Saint Jerome was, by all means, one of the greatest scholars among the Fathers of the Western Church. The Roman Catholic Church considers him the patron saint of translators, librarians and encyclopaedists. As a man, he was an exemplary ascetic; as a translator – a role model looked up to by many generations.


Who was the world’s most famous translator?

He was born c. 347 on the territory of today’s Croatia, to a deeply devoted Christian family. According to the then tradition, Jerome was not baptised until reaching maturity; allegedly, the sacrament was administered by Pope Liberius himself. The future saint was an extremely skilled learner since his early youth. At the age of 18, he travelled to Rome, where he learned about rhetoric and philosophy. Then he started to study theology as well. He delved into the Latin and Greek classics, which allowed him to translate passages of the Old Testament on his own after only a few years of study.

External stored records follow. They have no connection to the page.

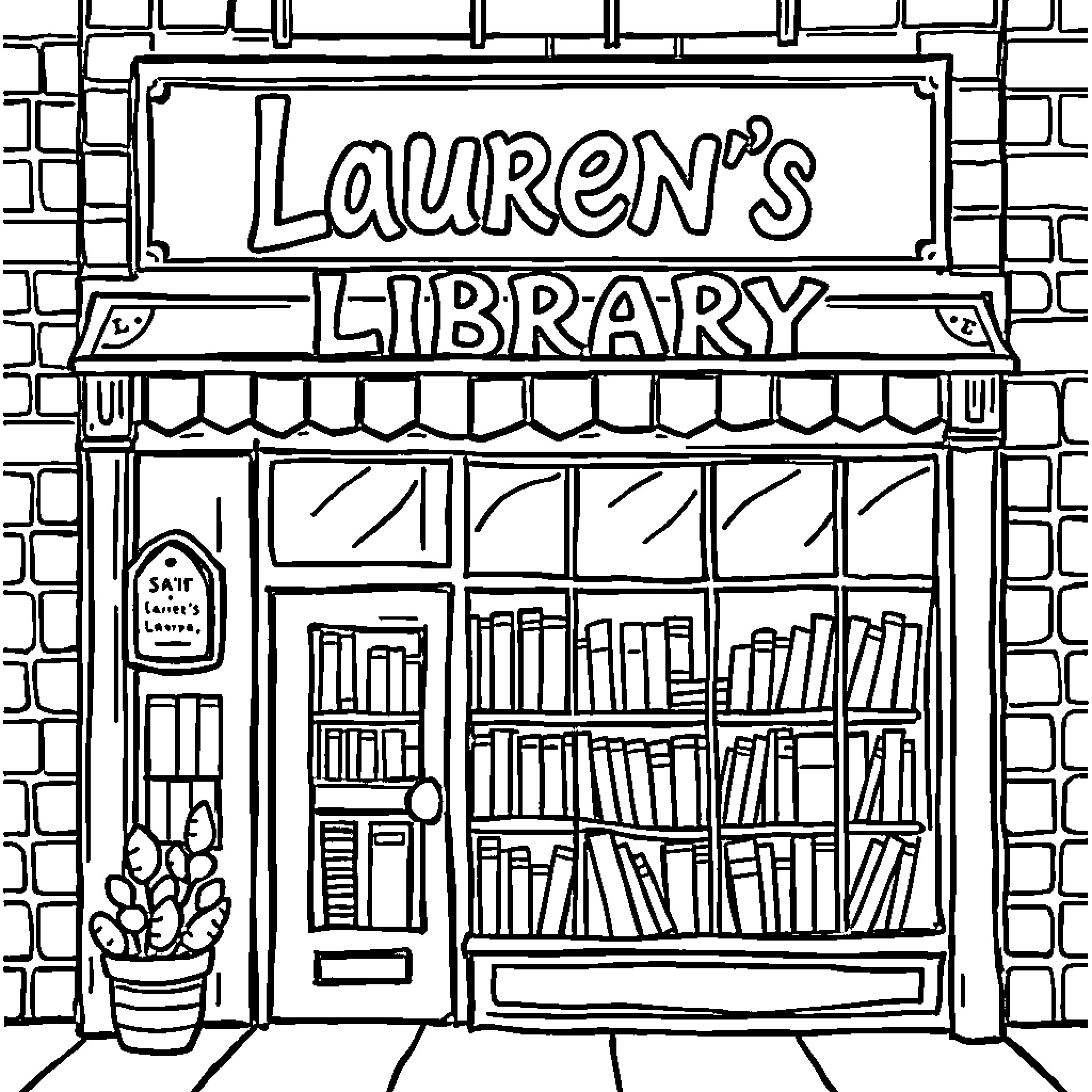 Bookstore with Shelves of Books Coloring Page (free black-and-white line drawing printable PDF for all, from beginners to advanced learners, including children, teens, adults, and seniors)
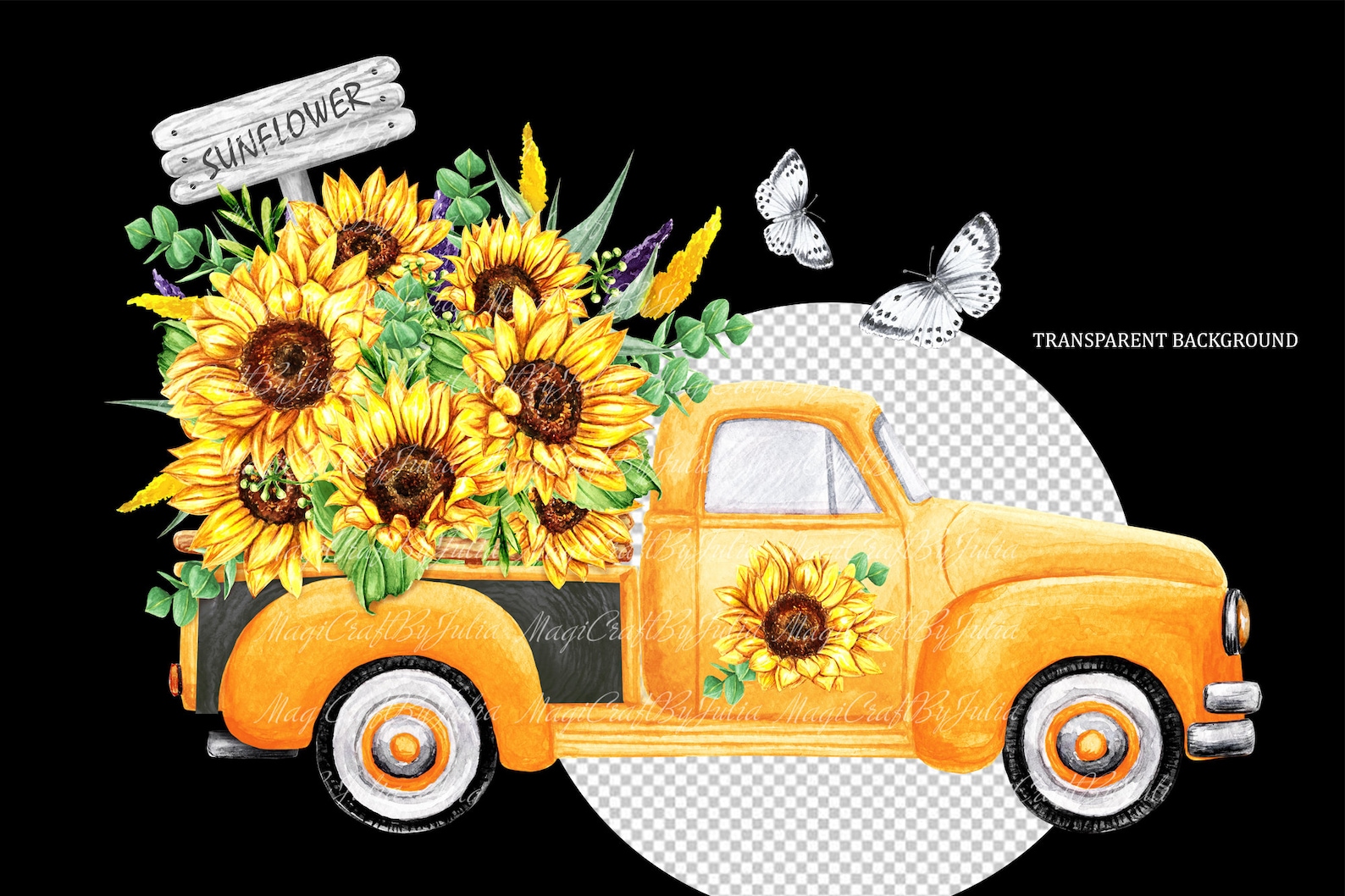 Yellow Vintage Truck Sunflowers PNG clipart Summer clip art | Etsy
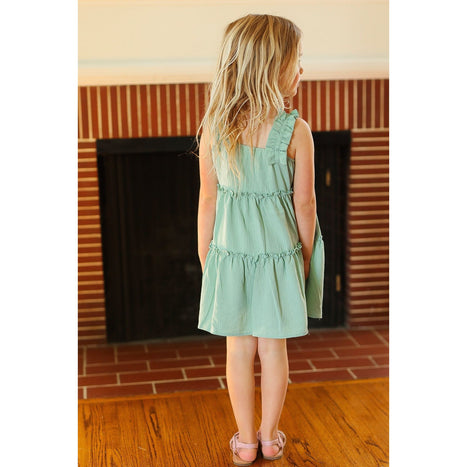 Joyful Sage Tiered Ruffle Sleeveless Dress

An unusual task for a unique translator

It is worth mentioning that many wrong translations of biblical texts were circulating in the early Middle Ages. This would cause interpreting chaos and development of many heretic sects, which were very powerful at those times. Given his excellent education, it was Jerome who got the unusual task of making a unified translation of the Bible – including at first only the New Testament, and then the Old Testament as well. Using the modern language of translation agencies, “the order was completed in the express mode”, and the doctor of the Church corrected the old Latin translation in one year.


A professional translation – Medieval edition

To handle his next task, Jerome took many weeks to travel to Palestine – a truly biblical place, where he could study Hebrew and Arameic. The new knowledge let him assess the value of the only then existing full Latin translation of the Old Testament, the so-called Septuagint. The translator decided not to follow this text – which was almost five hundred years old – and used the Hebrew version as a source text for his translation; he also translated some of the fragments directly from Arameic. During the work, he often sought advice of Jewish rabbis. Thanks to his enormous effort, Jerome completed the task in only 14 years.


An exceptional talent, language skills and hard work – St. Jerome’s recipe for success

The unified version of the Scripture by St. Jerome became immediately famous among his contemporaries, and its influence on theology and the European culture is priceless. There was no other Medieval scripture so significant for literature, art, daily life, and even music. Vulgate – a common name given to St. Jerome’s translation – has become a source for translation into many European languages. Its popularity was huge; till now, there are more than 8,000 manuscripts preserved, some of them almost 1,500 years old!